Bonum Certa Men Certa

Dreaming of a Real Patent Reform

The Capitol



Primer: In a nation where algorithms and methods (abstract, no physical equivalent) become proprietary 'assets' a reform must arrive to restore competition and innovation

THE US patent system was recently ridiculed for encouraging patents so poor that someone seeking a patent monopoly on his "Godly" powers justified it by pointing to software and business method patents, to paraphrase the headline from Techdirt. We actually wrote about it last week when it was not clear whether it was a prank. Last week we also noted that the USPTO or associated legislator claimed that they sought changes to the system, but as we state repeatedly, no real reform is even being proposed. The thing they call "reform" is just "wolf in sheep's clothing," to reuse the term from this one opinion on the HR 1249 Patent Reform Bill. There is no real reform in the making and it is only getting worse as more and more patent trolls plant their flag somewhere in a practicing industry, usually the software industry (a lot of patent trolls do favour and focus on software patents, based on recent statistics).



On the subject of business methods and associated patents there is this new report in the New York Times. This is closely related to the subject of software patents because both types of patents are ludicrous for similar (not identical) reasons. Read this:

Banks Turn to Schumer on Patents



For years and much to their frustration, big banks have paid hundreds of millions of dollars to a tiny Texas company to use a patented system for processing digital copies of checks, making Claudio Ballard, the inventor of the system, a wealthy man and the bank industry’s biggest patent foe.

[...]

But DataTreasury and Mr. Ballard have fought back. They have hired their own Washington lobbyist, financed in part by the $400 million in settlements, jury verdicts and royalties earned in recent years.
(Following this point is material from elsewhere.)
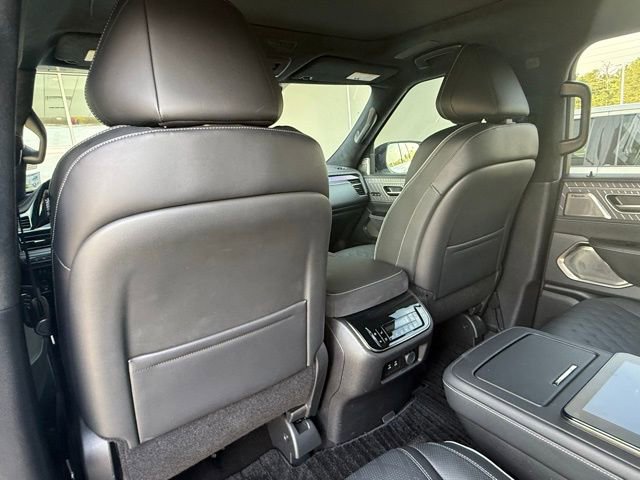 Used 2025 INFINITI QX80 Autograph w/ Autograph Exterior Package AWD/4WD image 16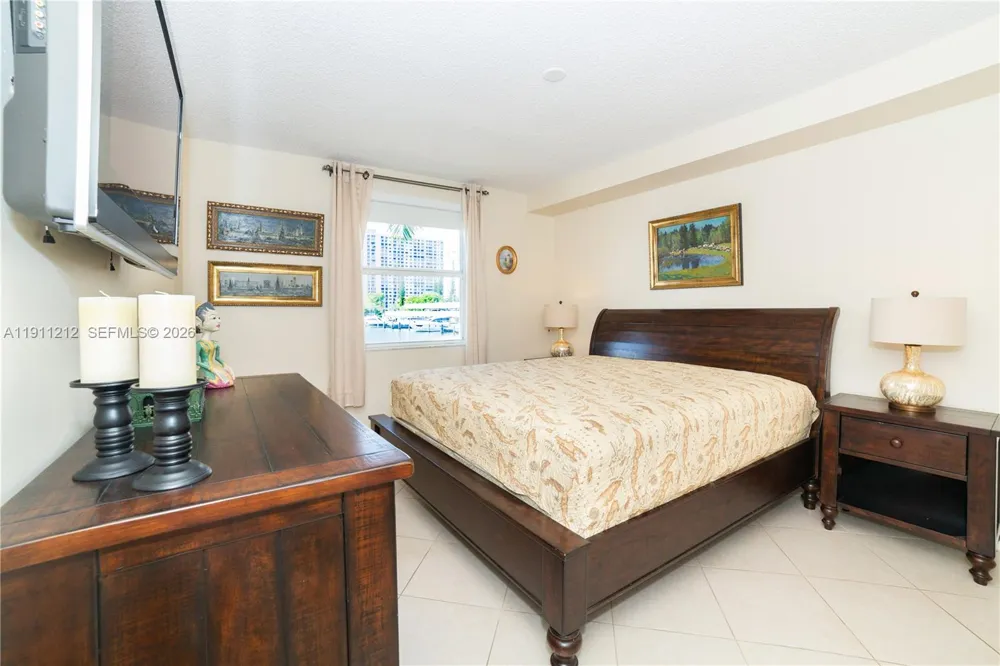 17150 Bay Rd #2207 Sunny Isles Beach, FL 33160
In an interview, Mr. Ballard said the banks’ argument that they had embarked on electronic check processing — the process covered by his patents — long before his patents were issued is simply wordplay.


Patently-O, a maximalist of the patent system says that "[w]ell known patent attorney Hal Milton recently published a new article in John Marshall’s Review of Intellectual Property Law (RIPL) that argues for the presentation of a “new result” within every patent application. The majority of newly drafted patent applications do not follow Milton’s approach and instead seem to obscure the innovative elements of the claimed invention and fail to identify the problem being solved by the invention." Need we have more evidence that patents do not promote innovation? We have gathered a lot over the years. Patents cost each and every one of us a lot of money while mostly benefiting lawyers and billionaires who are defended by them.